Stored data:
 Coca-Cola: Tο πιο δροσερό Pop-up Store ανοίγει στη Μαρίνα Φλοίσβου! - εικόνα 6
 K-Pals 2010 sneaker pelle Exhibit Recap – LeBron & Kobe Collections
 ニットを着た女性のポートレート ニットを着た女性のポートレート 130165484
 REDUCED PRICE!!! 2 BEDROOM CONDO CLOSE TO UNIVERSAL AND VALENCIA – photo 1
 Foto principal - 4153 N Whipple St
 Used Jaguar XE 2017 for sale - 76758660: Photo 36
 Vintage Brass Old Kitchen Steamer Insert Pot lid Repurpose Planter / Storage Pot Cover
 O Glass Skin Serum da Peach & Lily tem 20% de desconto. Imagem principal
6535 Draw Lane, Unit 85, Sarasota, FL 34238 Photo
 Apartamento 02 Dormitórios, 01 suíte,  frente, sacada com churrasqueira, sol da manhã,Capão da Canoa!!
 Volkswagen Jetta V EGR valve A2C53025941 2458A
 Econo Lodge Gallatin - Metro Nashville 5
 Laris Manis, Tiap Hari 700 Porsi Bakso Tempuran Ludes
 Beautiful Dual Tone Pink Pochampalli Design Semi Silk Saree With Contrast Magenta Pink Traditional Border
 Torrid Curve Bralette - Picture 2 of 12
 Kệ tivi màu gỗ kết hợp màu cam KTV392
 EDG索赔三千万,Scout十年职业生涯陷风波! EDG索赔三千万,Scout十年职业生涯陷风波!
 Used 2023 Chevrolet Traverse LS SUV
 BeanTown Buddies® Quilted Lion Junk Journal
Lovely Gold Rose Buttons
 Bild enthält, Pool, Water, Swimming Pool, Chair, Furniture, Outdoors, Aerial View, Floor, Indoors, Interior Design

Exercise brief
Only the lines from the start of the data to the line holding "Laris Manis, Tiap" are wanted; return them exactly, both ends included.

Task response
 Coca-Cola: Tο πιο δροσερό Pop-up Store ανοίγει στη Μαρίνα Φλοίσβου! - εικόνα 6
 K-Pals 2010 sneaker pelle Exhibit Recap – LeBron & Kobe Collections
 ニットを着た女性のポートレート ニットを着た女性のポートレート 130165484
 REDUCED PRICE!!! 2 BEDROOM CONDO CLOSE TO UNIVERSAL AND VALENCIA – photo 1
 Foto principal - 4153 N Whipple St
 Used Jaguar XE 2017 for sale - 76758660: Photo 36
 Vintage Brass Old Kitchen Steamer Insert Pot lid Repurpose Planter / Storage Pot Cover
 O Glass Skin Serum da Peach & Lily tem 20% de desconto. Imagem principal
6535 Draw Lane, Unit 85, Sarasota, FL 34238 Photo
 Apartamento 02 Dormitórios, 01 suíte,  frente, sacada com churrasqueira, sol da manhã,Capão da Canoa!!
 Volkswagen Jetta V EGR valve A2C53025941 2458A
 Econo Lodge Gallatin - Metro Nashville 5
 Laris Manis, Tiap Hari 700 Porsi Bakso Tempuran Ludes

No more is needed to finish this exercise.